[WORK TO COMPLETE] Copy the records below exactly, starting at the line that contains "7.5 Ft. Dunhill White Fir Tree 1" and ending at the line that contains "CrediMax Contest"; leave out any pictures.

[INPUT RECORDS]
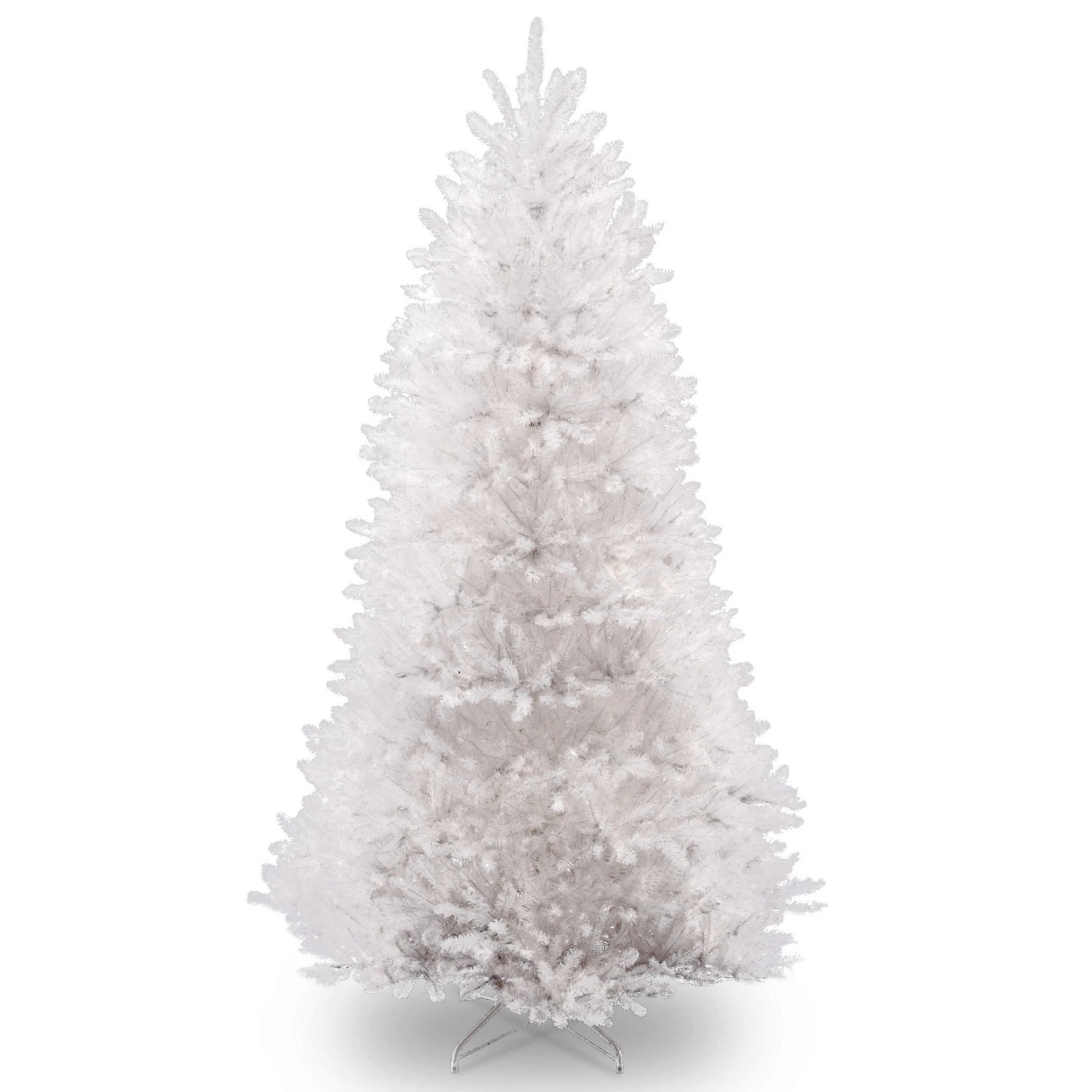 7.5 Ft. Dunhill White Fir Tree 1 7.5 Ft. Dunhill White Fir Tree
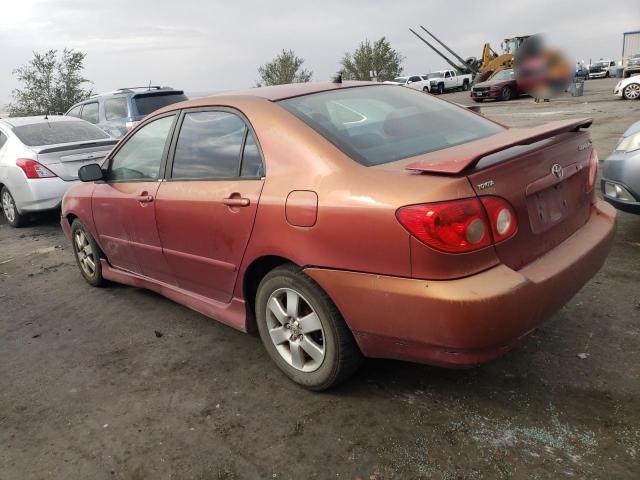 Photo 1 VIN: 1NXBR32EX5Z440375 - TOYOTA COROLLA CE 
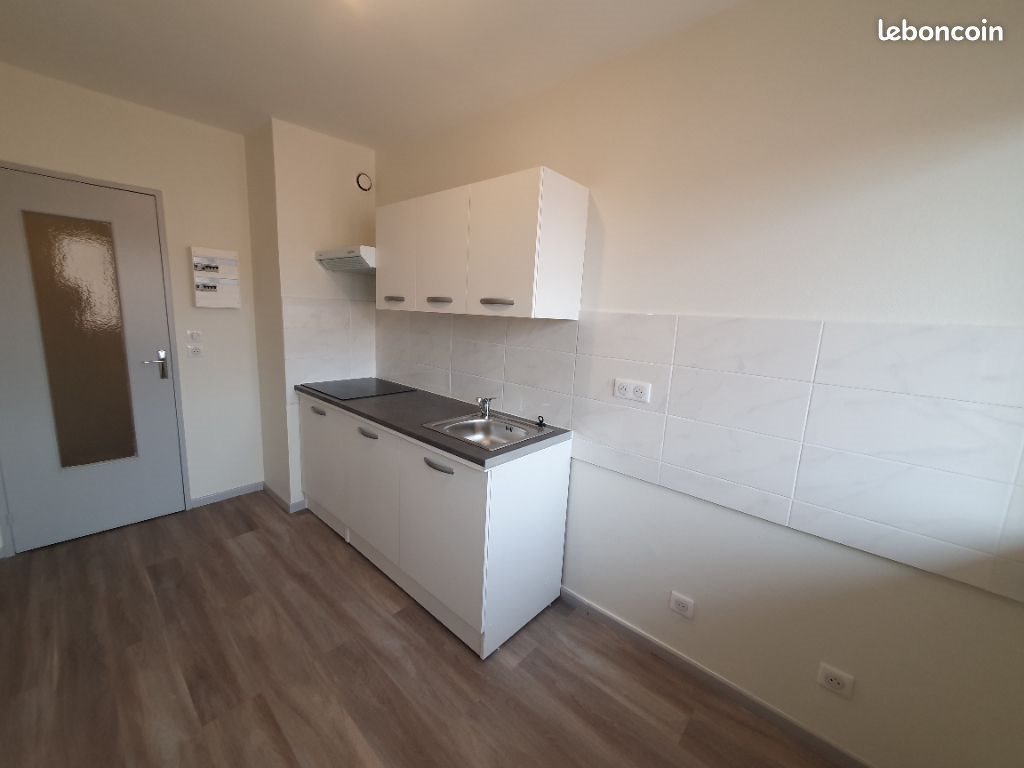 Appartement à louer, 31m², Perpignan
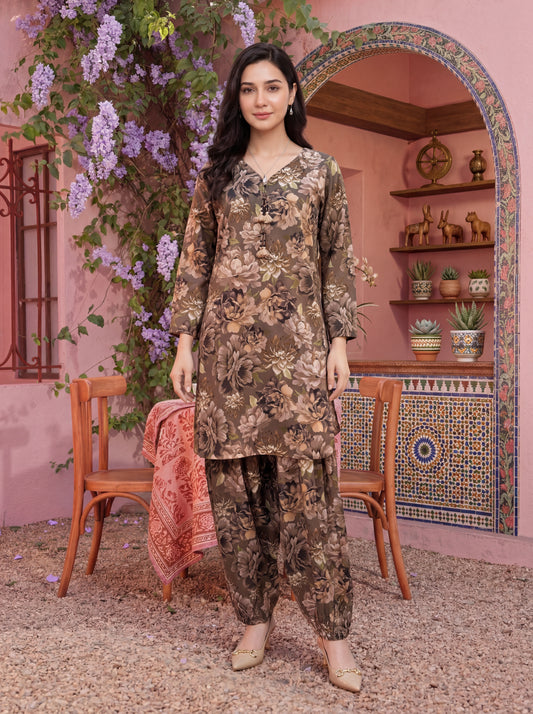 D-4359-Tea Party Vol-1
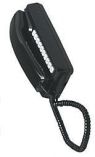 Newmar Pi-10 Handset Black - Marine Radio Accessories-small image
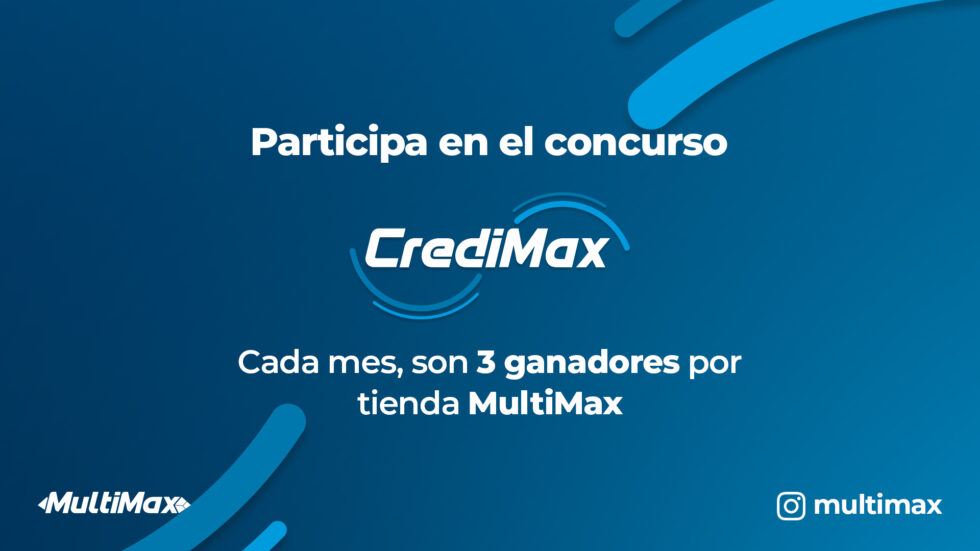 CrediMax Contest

---

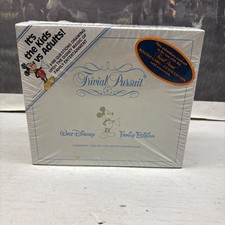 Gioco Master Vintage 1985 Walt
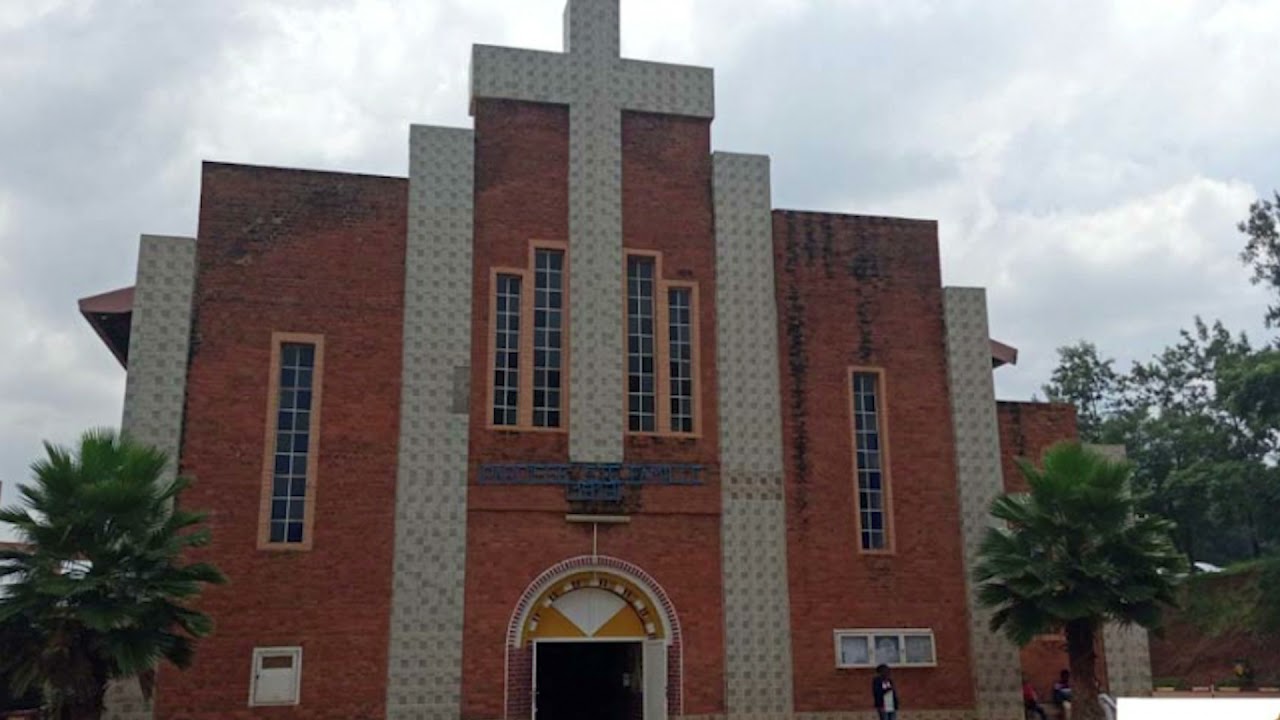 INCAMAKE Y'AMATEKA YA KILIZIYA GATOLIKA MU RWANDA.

[PROBLEM SOLUTION]
 7.5 Ft. Dunhill White Fir Tree 1 7.5 Ft. Dunhill White Fir Tree
 Photo 1 VIN: 1NXBR32EX5Z440375 - TOYOTA COROLLA CE 
 Appartement à louer, 31m², Perpignan
 D-4359-Tea Party Vol-1
 Newmar Pi-10 Handset Black - Marine Radio Accessories-small image
 CrediMax Contest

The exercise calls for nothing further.